The more and more I watch him, the more and more I'm convinced he's an average player with one or two incredible gifts that keep him going. This is not an insult, per se, any more than it is to say that Tom Brady isn't very good aside form his accuracy and vision. What I am saying is that he has strengths that, if stopped or limited, will allow his weaknesses to come spilling out like a ScipioTex spit take at a Kathy Griffin concert.
He has a winner's legacy, and I certainly don't dislike him, or think he's a bad player. I so think he's a schemeable player who will often take as much away from his team as he brings to it. A lot of this is that we just don't teach that kind of football that moves chains against the likes of NU or OU. A lot of it is that our WRs aren't very good outside of a couple of them, and we don't always use them right. Part of it is that our OL is bad. But Colt plays a role as well. 2009 has shed a lot of light on exactly what Colt is, and exactly what he isn't.
- Sergio Kindle played the worst game of his life against A&M. He wasn't just invisible, he was an active detriment to the team. To say he rebounded yesterday would be shortchanging him. He dominated. I feel safe calling him our MVP last night. Not only was he a destroyer against the run, he kept on Zac Lee's ass all night and kept him from ever getting comfortable. He came up huge.
- I think the transformation of Fozzy Whitaker into an east/west back is complete. Congratulate yourselves, David and McWhorter, you've ruined another one! Let's all take really good mental video of Tre Newton now, so we can remember why he showed promise at one time.

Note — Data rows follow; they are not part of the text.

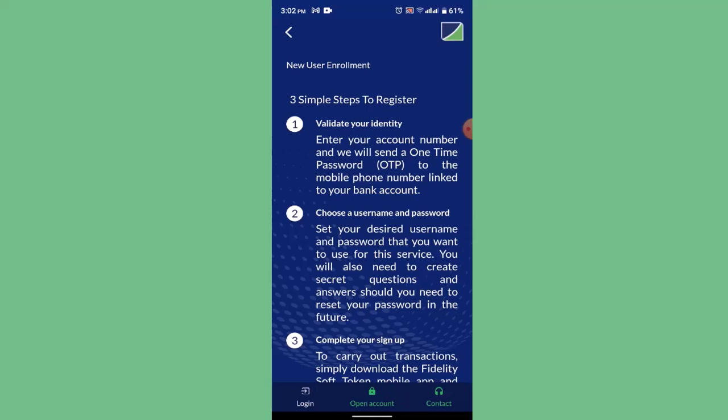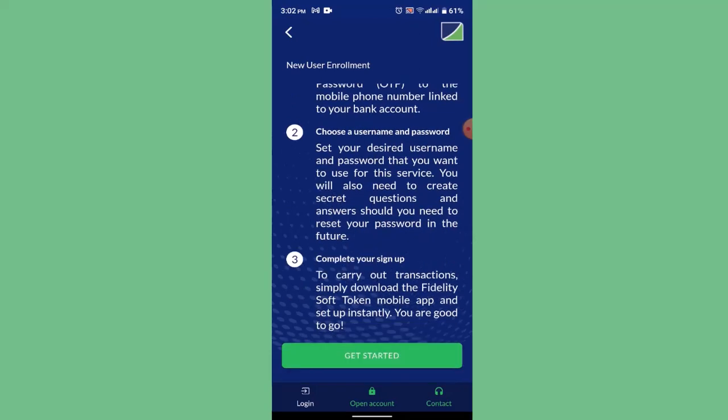Step two is for your login credentials — set your desired username and password for the service. After that, you need to complete the sign-up process to carry out transactions, which includes downloading the Fidelity Soft Token app.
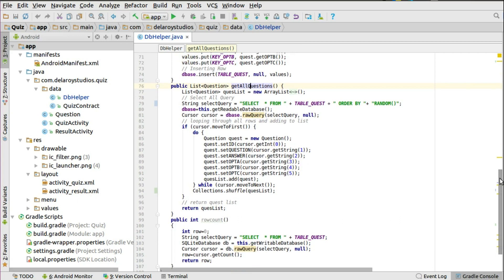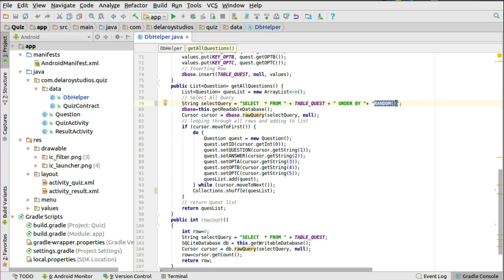We'll be using the Random class right there in the SQL query. If you notice in the select query string, you select all from the table name and you order by — mostly you order by ascending or descending. Now you could order by random shuffling of the questions, and that will actually shuffle the questions. Probably if you have 20, 50, or 100 questions in the SQLite database, this random ORDER BY inclusion will shuffle those questions and you'll have them in a randomized form.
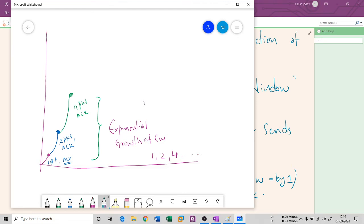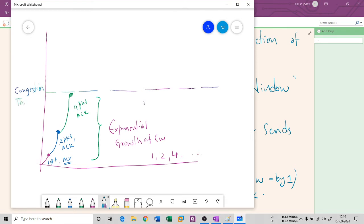This exponential growth continues until we hit the congestion threshold (CT). The congestion threshold is calculated as half of the current congestion window. Once the sender reaches the congestion threshold, the exponential growth stops.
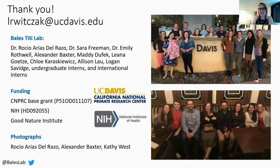Thank you for your time, and thank you to my lab and funding sources. I'll be presenting live on August 4th at 10 a.m. Eastern in the 'I've Got You Under My Skin: Physiological Effects' session. I'd be happy to take any questions you have there or via email.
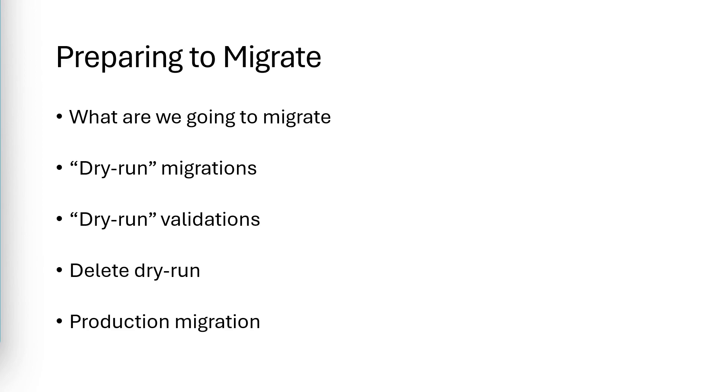At this point, you're ready to plan your production migration, which includes both the steps to do before the migration, such as restricting access to the migrating repository, as well as steps to handle after the migration, such as implementing security and setting up third-party integrations. I suggest you run the production migration shortly after you finish the dry run, so all the information is fresh in your mind.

- Can you really be called down if you never have the ball? Is simply touching a kickoff with a knee on the ground enough? They should've let that play go then reviewed it later. Calling it down was extremely irresponsible.
- And finally, DoubleZeroGate. Look, I like NU fans. They were a good bunch. But come on, you can't get mad. I looked at the clock as soon as McCoy's pass sailed out of bounds and it read :02. The game was not over, and you can't be sore about it. Plus, if the Big 12 was really concerned about the BCS, the smart move would be to cheat for NU. No other Big 12 team has a shot at the BCS now, so we'll get half the payout.